**SUPPLIED DATA**:
════════

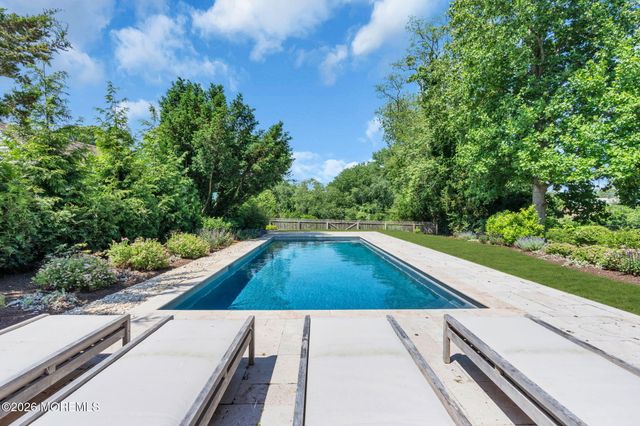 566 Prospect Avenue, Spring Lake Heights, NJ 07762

════════

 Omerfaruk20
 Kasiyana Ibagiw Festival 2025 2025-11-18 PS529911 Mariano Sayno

════════

In the listing above, find the line containing "Omerfaruk20" and the line containing "Kasiyana Ibagiw Festival", then repeat those two lines and everything between them exactly.

 Omerfaruk20
 Kasiyana Ibagiw Festival 2025 2025-11-18 PS529911 Mariano Sayno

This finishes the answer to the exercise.